His debut album as a bandleader was with the Will Mason Ensemble, a jazz-inflected chamber ensemble of voice, oboe, alto sax, two guitars, bass, and Mason on drums and electronics. That album, Beams of the Huge Night, was released on New Amsterdam Records in 2015. The Boston Globe wrote that the compositions "balance improvisation and composition, and are shot through with asymmetrical melodies and grooves, grinding harmonies, and atmospheric bouts of stillness."
Mason also leads the group Happy Place, an avant-rock band of two singers, two guitarists, and two drummers. The band recorded their debut album Northfield, which was released in 2016 on Exit Stencil Records. The New York Times wrote that the band "succeeds at fusing experimental rock and chamber music...The cathartic two-guitar attack has the feel of avant-rock, while the astringent harmony recalls experiments by Charles Ives." Their follow-up album "Tendrils" was released October 2020. The New York Times wrote that it was "experimental yet still catchy," and it was named "Album of the Year" by Avant Music News.
Mason has written pieces for the Nouveau Classical Project, Michi Wiancko, and Zachary Hobin. Musicians Mason has performed with include Ned Rothenberg, Anna Webber, Matt Mitchell, Leila Bordreuil, Dan Lippel, Charlotte Mundy, Elaine Lachica, Elias Stemeseder, Greg Chudzik, Miles Okazaki, Kate Gentile, Marc Hannaford, and Andrew Smiley. His music has been supported by grants from the Rhode Island State Council on the Arts and the Puffin Foundation.

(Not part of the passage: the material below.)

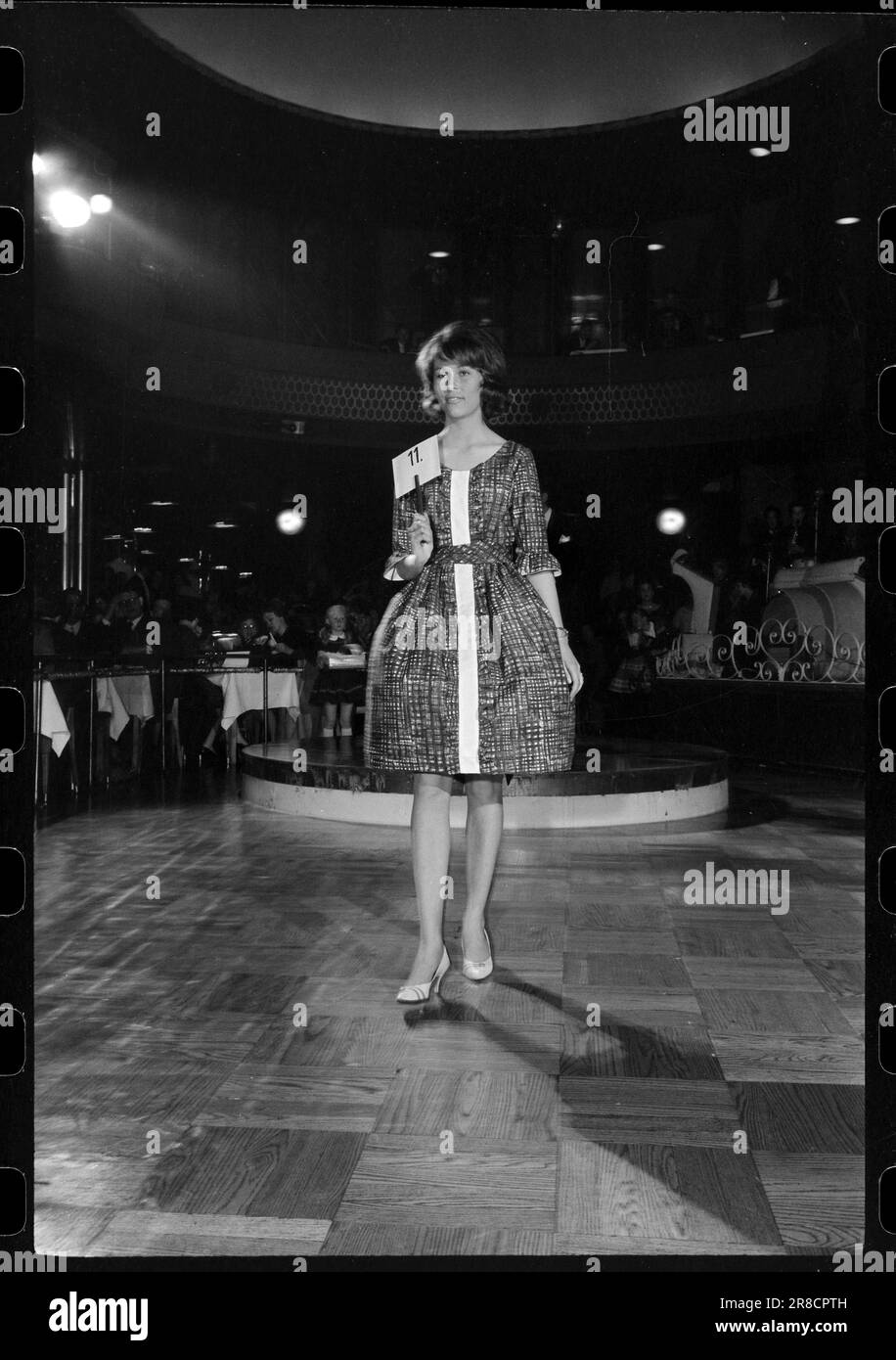 Actual 21-5-1960 : Søtten-Stil At a mannequin show at Regnbuen in Oslo,  young girls' clothes that have been created in a new and original way were  recently shown. The newly started fashion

Mason is Associate Professor of Music and chair of the music department at Wheaton College in Norton, MA, where he teaches courses in music technology, music theory, and 20th and 21st century musics. His scholarship focuses on the nexus of music technology and embodied cognition; microtonality; and music and/as labor in the digital age. Mason is co-editor of and a contributor to the forthcoming Oxford Handbook of Spectral Music, and he also has written for Grove Music Online. He is currently at work on a monograph that uses metaphors of construction as a lens for analyzing a range of aesthetic preoccupations in electronic and computer music from the last sixty years.
Mason holds a PhD in music theory from Columbia University, a BA in politics from Oberlin College and a BMus in contemporary improvisation from Oberlin Conservatory. His mentors at those schools have included Ellie Hisama, George Lewis, Billy Hart, Wendell Logan, Brian Alegant, Arnie Cox, and Rebecca Leydon.
He lives with his wife, artist Erin Lobb Mason, in Rhode Island.